» Task goal
Return, exactly as written, the line containing "Castração de pets" and every line after it to the end of the records below, with no pictures.

» Supplied data
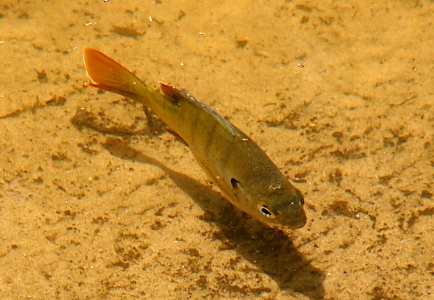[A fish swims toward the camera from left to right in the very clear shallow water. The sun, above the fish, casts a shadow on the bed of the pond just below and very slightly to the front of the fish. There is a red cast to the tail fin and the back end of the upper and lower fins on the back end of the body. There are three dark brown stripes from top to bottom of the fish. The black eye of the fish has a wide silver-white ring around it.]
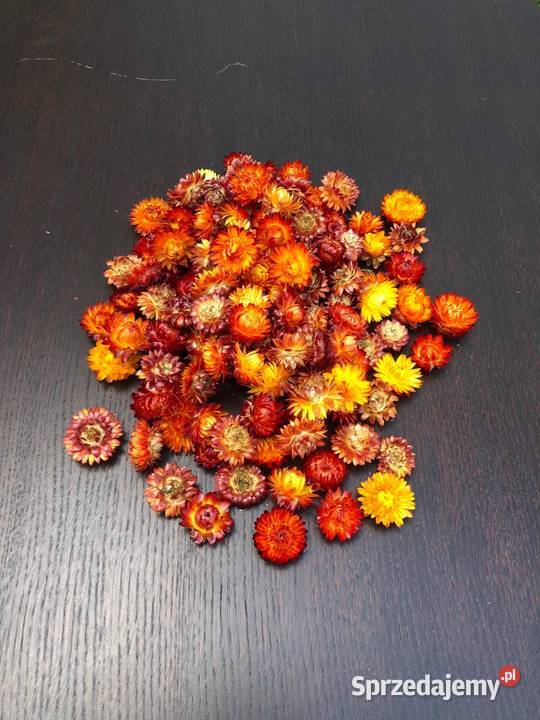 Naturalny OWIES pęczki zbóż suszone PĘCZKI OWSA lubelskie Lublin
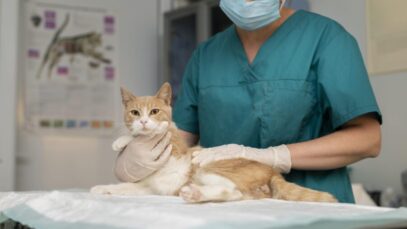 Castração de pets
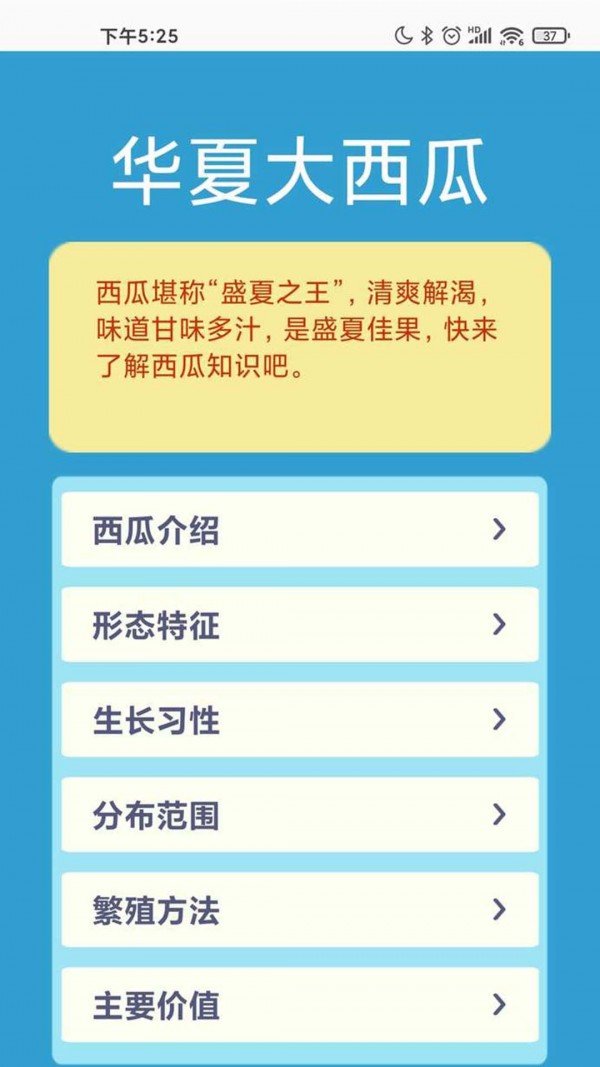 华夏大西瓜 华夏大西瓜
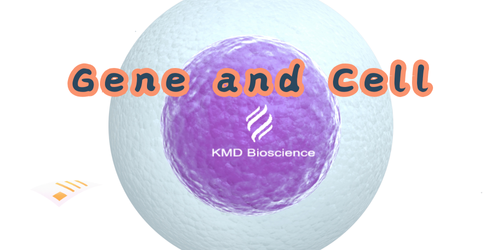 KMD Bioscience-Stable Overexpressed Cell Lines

» Answer to this exercise
 Castração de pets
 华夏大西瓜 华夏大西瓜
 KMD Bioscience-Stable Overexpressed Cell Lines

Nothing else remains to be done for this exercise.